AS-301i · Module 2

Multi-Agent Attack Chain Analysis

3 min read

In multi-agent systems, attacks often traverse multiple agents before achieving their objective. An injection enters through a customer-facing agent, pivots to a backend agent through inter-agent communication, and exfiltrates through a third agent's email capability. Analyzing this chain requires correlating events across agent boundaries to construct a unified timeline that reveals how the attack propagated.

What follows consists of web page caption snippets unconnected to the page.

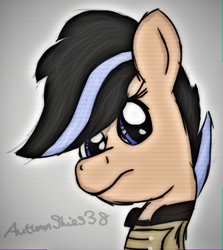 Size: 490x550 | Tagged: safe, artist:pegasski, oc, oc only, earth pony, pony, fallout equestria, bust, clothes, earth pony oc, eyelashes, female, mare, solo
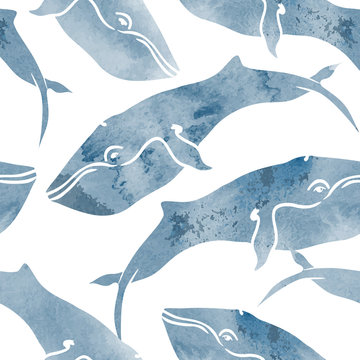 watercolor whales seamless vector patten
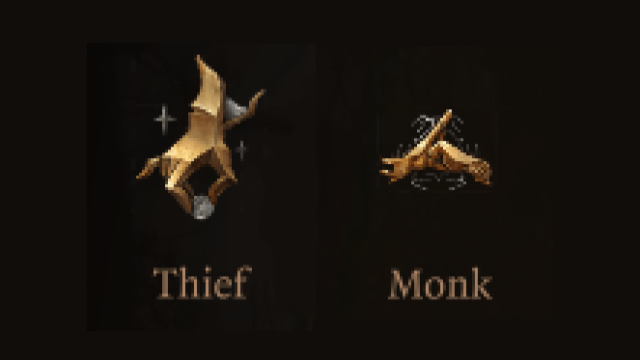 The icons for the Baldur's Gate 3 Monk and the Thief subclass for Rogue.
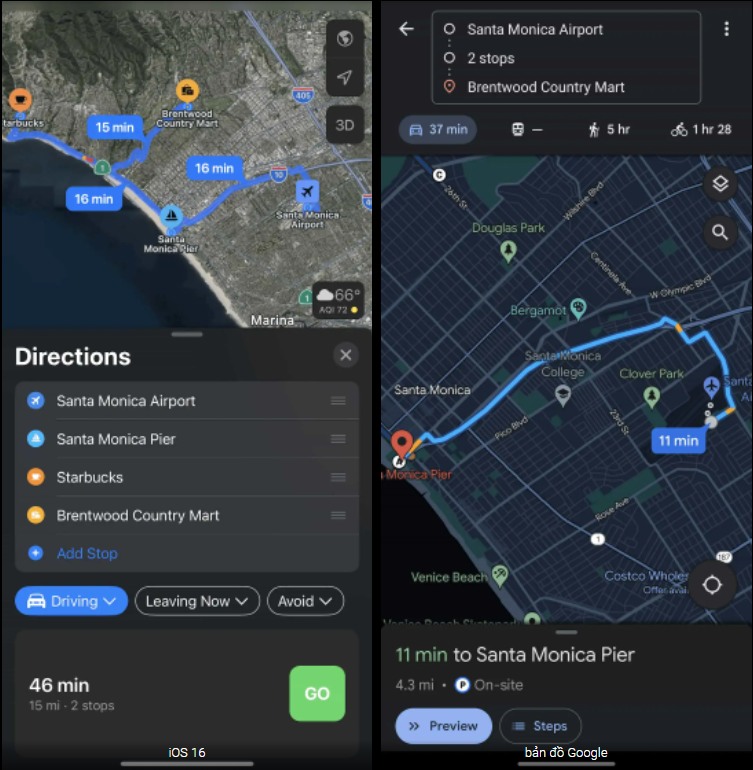 Nhiều điểm dừng trong Bản đồ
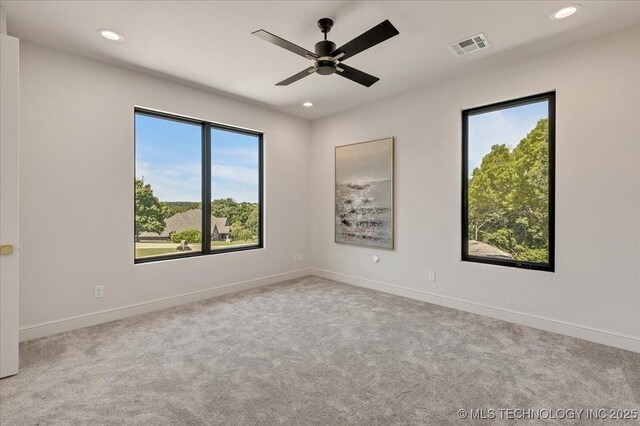 5835 E 139th St S, Bixby, OK 74008 - empty room featuring carpet, recessed lighting, and a ceiling fan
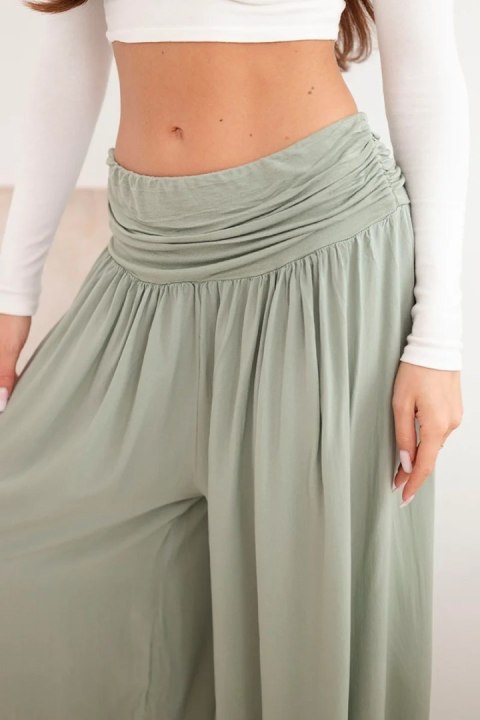 Spodnie damskie wiskozowe z szeroką nogawką i marszczeniami khaki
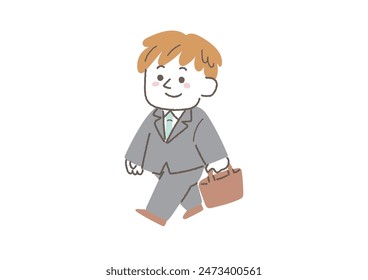 Illustration of a male businessperson going to work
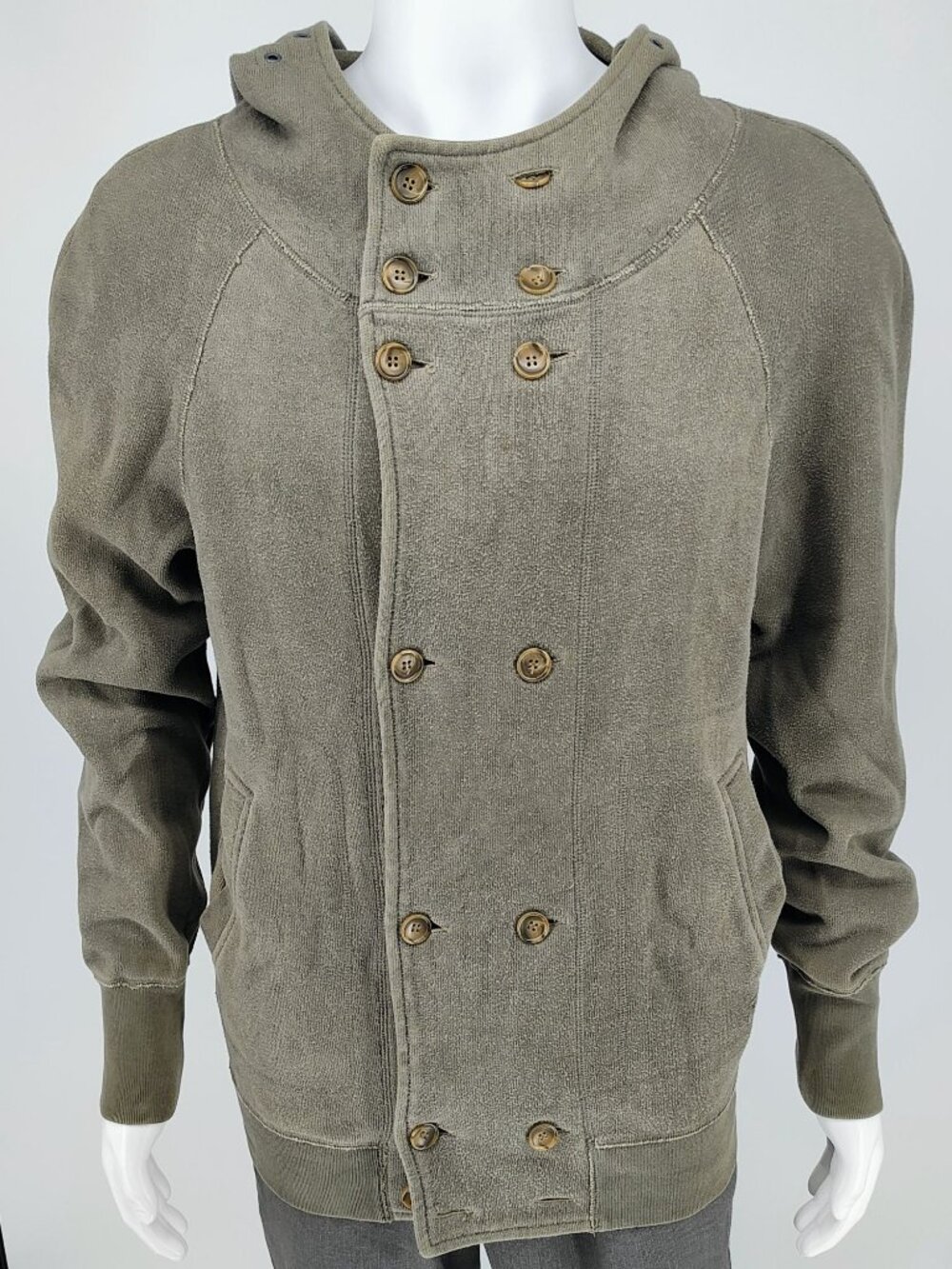 Dolce & Gabbana Faded Olive Green Hooded Button Cardigan (IT Size 44 US 34)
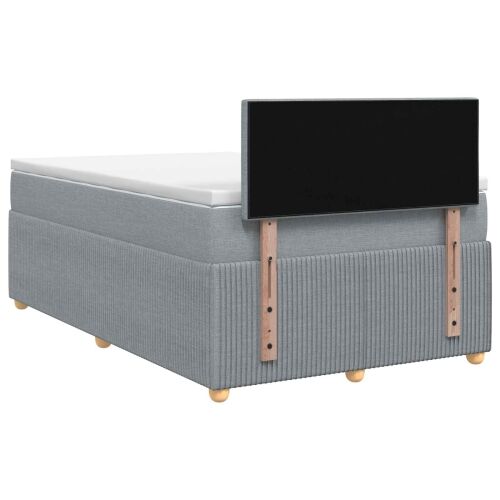 Boxspring krevet s madracem Svjetlosiva 120 x 190 cm Tkanina - Svjetlosiva 120 x 190 cm Prošiveno gumbima Cijena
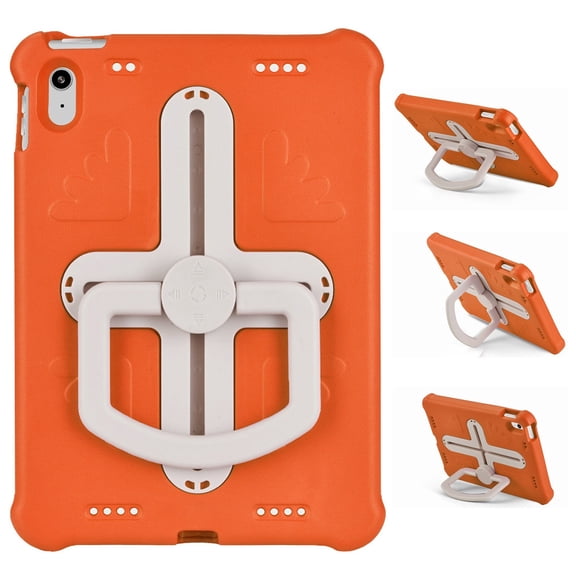 KYJX Kids Case for iPad (A16) 11th/10th Generation 11"/10.9" 2025/2022 Case with Shoulder Strap, Shockproof Handle Kickstand, Orange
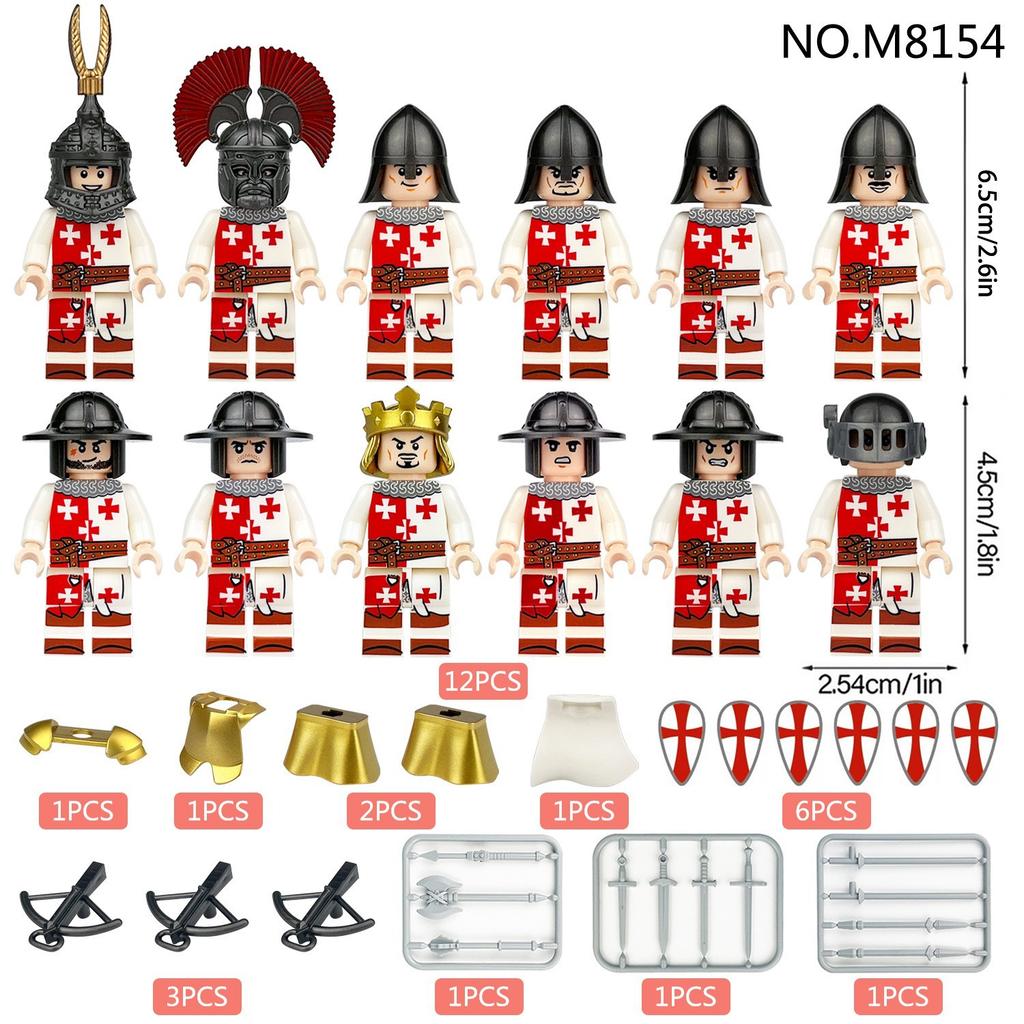 12 Medieval Minifigures Medieval Ilimbe Knight Shield Bow and Arrow Building Block Toy Cross-border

  1. Unified Timeline Construction Merge timestamped events from all involved agents and supporting systems into a single chronological view. The timeline reveals the attack sequence: entry at T+0, pivot at T+12 seconds, exfiltration at T+45 seconds. Without the unified timeline, each agent's events look isolated and the connection between them is invisible.
  2. Pivot Point Identification Identify where the attack crossed from one agent to another. What data did Agent A pass to Agent B? Did Agent A's output contain injected instructions that Agent B processed as legitimate input? The pivot point is where the architectural isolation between agents failed — and where the remediation must focus. [RISK]: Inter-agent communication channels that do not validate input are injection propagation paths.
  3. Blast Radius Determination Map every system, data store, and output channel that the attack touched through any agent in the chain. The blast radius is the total impact — not just what the initial agent accessed, but everything downstream that was reached through the chain. Understanding the full blast radius determines notification scope and remediation breadth.